Have allegedly smart characters make mind-numbingly stupid choices. I shouldn’t even have to point this out, but it continues to happen. In service of the plot, a writer forces a character to do something that is so obviously wrong, bad and doomed to crushing failure that even the least attentive reader will be going “No, no, no!” Now, characters are human, they are flawed, they make big mistakes, sometimes whopping ones, but they have their reasons.  Might not be something we’d do, but we can understand why they might do it. The choice that enrages your reader is just never good (although kudos on making them care!)

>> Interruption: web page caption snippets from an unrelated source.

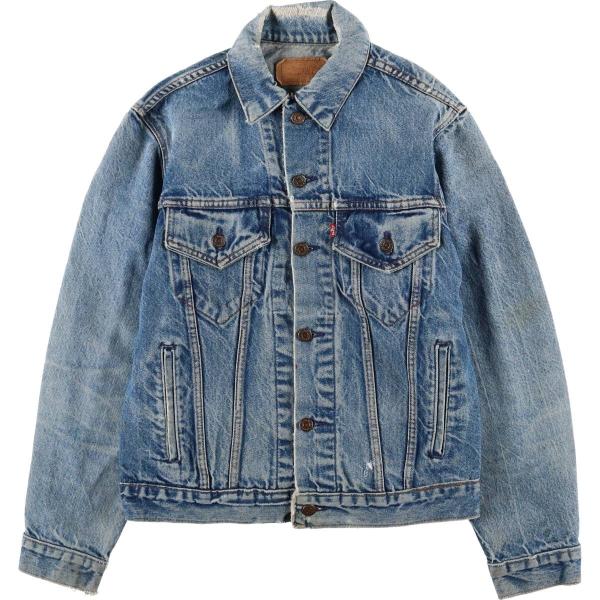 Levi's 古着 90年代 リーバイス 70506-0216 デニムジャケット G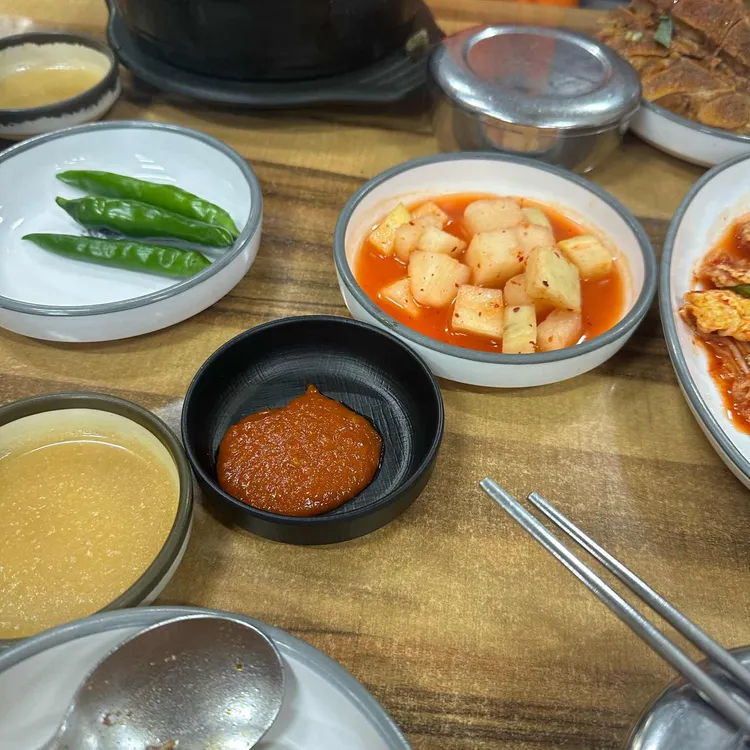 흥부네감자탕등뼈찜 대표 사진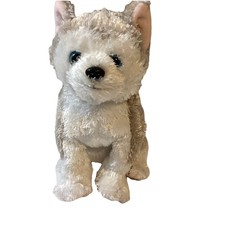 Juneau The Siberian Husky 2004 Original Beanie Babies Retired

Create a relentless atmosphere of gloom and doom and fill it with hopeless, unlikable people.  Now if you’re writing grimdark horror, maybe this is okay, but in your average novel, the reader needs something to root for.  Sometimes protagonists are not likable. Sometimes we might root for their failure and comeuppance. Sometimes a dark and evil world might be fascinating in it’s own right.  But if the main protag is a jerk, and everyone else is a jerk, and there’s no hope of any redemption, then at some point I’m going to ask myself why I’m reading this story. And then I’ll stop reading it.

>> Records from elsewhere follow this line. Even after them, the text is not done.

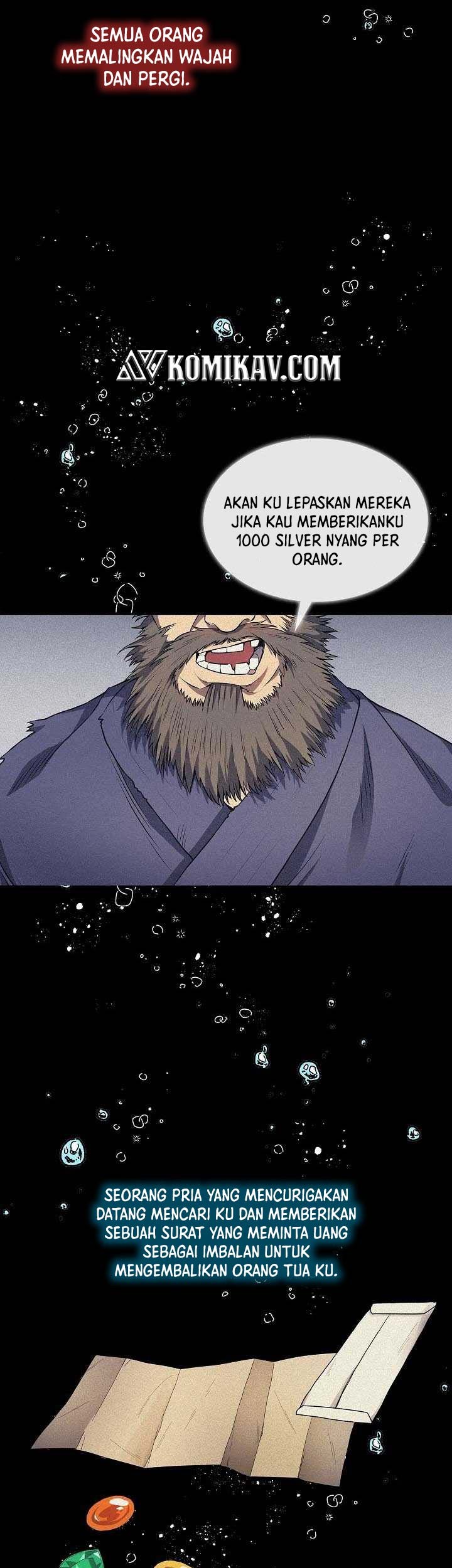 Storm Inn Chapter 8 - halaman 38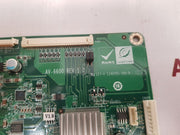 Av-6600 Pcb Card E246995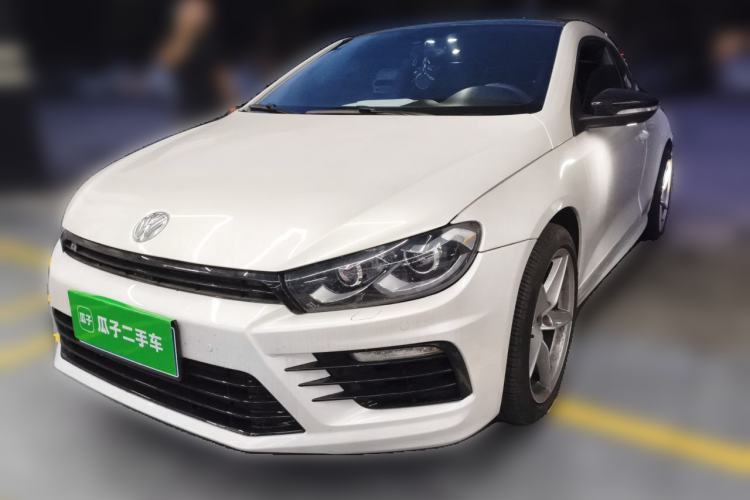 Used Volkswagen Scirocco 2011 R 2.0TSI Guazi used car, China used car export, Used car for sale, Used  cars, Cheapest cars for sale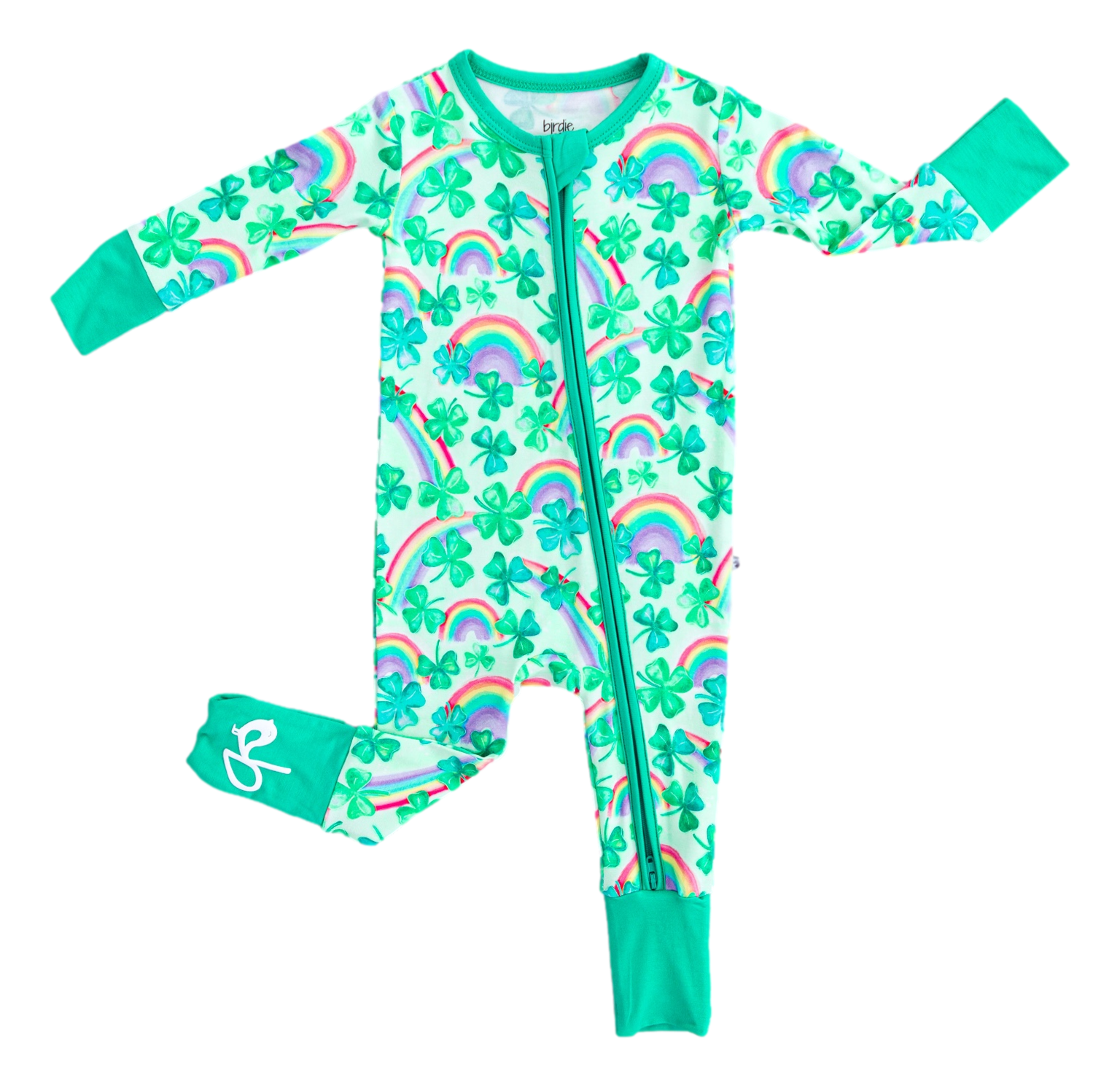 Murphy Convertible Romper - Birdie Bean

Explain to the reader in excruciating detail all of the protagonist’s emotions and the historical reasons for those emotions. Repeat ad nauseum. I’m exaggerating this particular flaw, because that’s what I do, but I find a book is so much stronger if I feel the emotions alongside the character, rather than having them explained to me. This is one of the trickiest and most rewarding skills in writing; creating emotion without saying “Fred was sorrowful because his parents died horribly when he was a wee lad”.  Instead, let me know about Fred’s parents and then show Fred acting out in his own special way, or not. Show the reader how that event affects him to this day.

Hide the fact that the book is part of a series and not a stand-alone. Boy, does this one grate on my last nerve.  I’ll be about two thirds in and start to notice that the remaining pages are rather thin. There’s no way the author is going to be able to wrap this up in that many pages, I think. And then, I get suspicious. I start scanning the interior matter and that’s when I’ll find buried somewhere in a tiny font that this is Book One out of fifteen.  Perhaps I don’t abandon this book if I’ve been enjoying it, but if it ends on a cliffhanger without warning, I’m much less likely to rush out and by Books 2 through 15, because I’m pissed.  This is easy to fix. Just put Book 1 on the cover. Or the name of the series, at least. Hiding the truth will not earn you any fans.

I suppose that’s enough for now. I’m sure I’ll have another long list of not-to-do’s as I work my way through these piles, but hopefully, I’ll have a longer list of to-do’s.  Readers want to love your book, they really do. Don’t make them set it aside.